I have not removed the old workflow, and indeed have fixed a few bugs with it. I personally think the new workflow is better than the old, and should at least be the default. However, whether the existing workflow should be removed is good question for discussion.

Add support for 10 bit gray and RGB decoding

You can now decode videos that have 10bit YUV encoding, receive them either as RGB or Gray buffers.

Add support for 10 bit gray and RGB encoding

You can now encode videos that have 10bit YUV encoding, and write them as either Gray or RGB buffers.

Add support for encoding frames that are "scanline major"

Most video packages expect pixels with neighboring x position and the same y position, that is pixels adjacent on the same scanline, to be adjacent in memory. Encoding frames that have this memory layout required the use of PermutedDimsArray with VideoIO. I have added a keyword argument, scanline_major, that allows the use of this pervasive memory format in VideoIO when encoding videos. Indeed, libav itself uses this format. As such, encoding video frames that are scanline major requires less work on VideoIO's end, and can be as simple as copying memory.

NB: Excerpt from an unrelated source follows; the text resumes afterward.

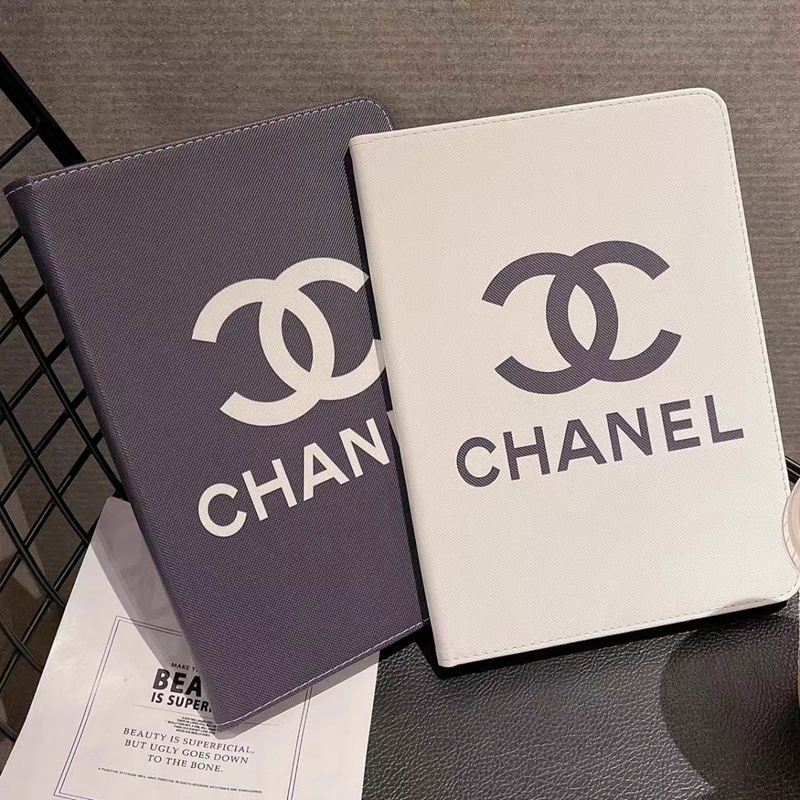 chanel シャネル ipad 10/pro 2022ケース モノグラム ハイブランド 手帳型 スタンド機能 レザー 黑白色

Eliminate use of deprecated functions in libav

I have removed calls to deprecated libav functions and replaced them with the recommended alternatives.

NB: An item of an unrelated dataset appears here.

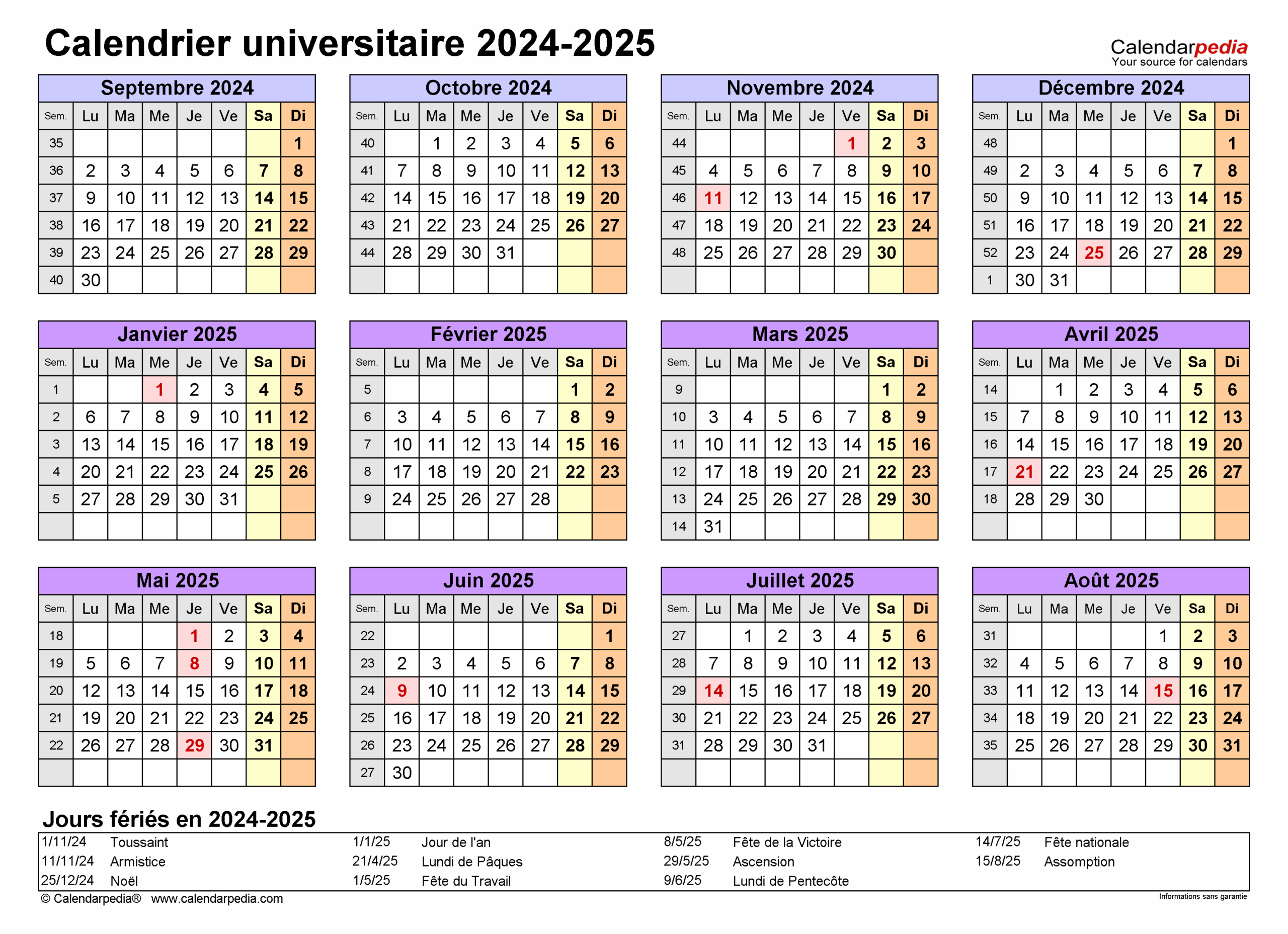 Calendrier Universitaire 2024 2025 PDF Excel Et Word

removed deprecated function	replacement function
`avpicture_get_size`	`av_image_get_buffer_size`
`avcodec_decode_video2`	`avcodec_send_packet` and `avcodec_receive_frame`

Replacing avcodec_decode_video2 required changing the logic of the decoding loop, in order to handle EAGAIN errors as per the libav documentation.

There is one more deprecated function that I replaced, but I am having a hard time finding which function that was.

Make implicit memory layout requirement of decoding pipeline explicit

The video decoding pipeline seemed to require that the frame buffer supplied by users by scanline-major, as described above, but did not require that the array be indexed one way or another. I have made this requirement explicit, and disabled some code that I think would have errored previously because it violated this assumption.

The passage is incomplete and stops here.